Lifted to pre-sysdb invocation

maxdml · 2026-02-02T18:13:55Z

dbos/system_database.go

-	if wfState.isWithinStep {
-		return nil, newStepExecutionError(wfState.workflowID, functionName, fmt.Errorf("cannot call Recv within a step"))
-	}


lifted to pre-sysdb invocation

maxdml · 2026-02-02T18:14:49Z

dbos/workflow.go

 		if err != nil {
 			c.logger.Error("failed to insert workflow status", "error", err, "workflow_id", workflowID)
-			return err
+			return newWorkflowExecutionError(workflowID, fmt.Errorf("failed to insert workflow status: %w", err))

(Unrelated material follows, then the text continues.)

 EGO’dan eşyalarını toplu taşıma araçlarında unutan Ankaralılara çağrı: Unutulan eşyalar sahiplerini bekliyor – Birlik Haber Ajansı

This actually is a small breaking change -- wrap the sysdb error into a yet-more-explanatory workflow error. (Hence the changes to use error.Is to look for a wrapped error in the entire error tree.)

maxdml · 2026-02-02T18:15:00Z

dbos/workflow.go

-			err = retry(uncancellableCtx, func() error {
-				return c.systemDB.recordChildWorkflow(uncancellableCtx, childInput)
-			}, withRetrierLogger(c.logger))
+			err = c.systemDB.recordChildWorkflow(uncancellableCtx, childInput)


Undeeded retry within a larger retry + was buggy because retry cancel was uncancellable.

maxdml · 2026-02-02T18:16:27Z

dbos/system_database.go

-		if wfState.isWithinStep {
-			return newStepExecutionError(wfState.workflowID, functionName, fmt.Errorf("cannot call Send within a step"))
-		}


Lifted to pre-sysdb invocation

dbos/debouncer.go

maxdml · 2026-02-04T00:34:18Z

dbos/system_database.go

-        WITH oldest_entry AS (
-            SELECT destination_uuid, topic, message, created_at_epoch_ms
-            FROM %s.notifications
-            WHERE destination_uuid = $1 AND topic = $2
-            ORDER BY created_at_epoch_ms ASC
-            LIMIT 1
-        )
-        DELETE FROM %s.notifications
-        WHERE destination_uuid = (SELECT destination_uuid FROM oldest_entry)
-          AND topic = (SELECT topic FROM oldest_entry)
-          AND created_at_epoch_ms = (SELECT created_at_epoch_ms FROM oldest_entry)
-        RETURNING message`, pgx.Identifier{s.schema}.Sanitize(), pgx.Identifier{s.schema}.Sanitize())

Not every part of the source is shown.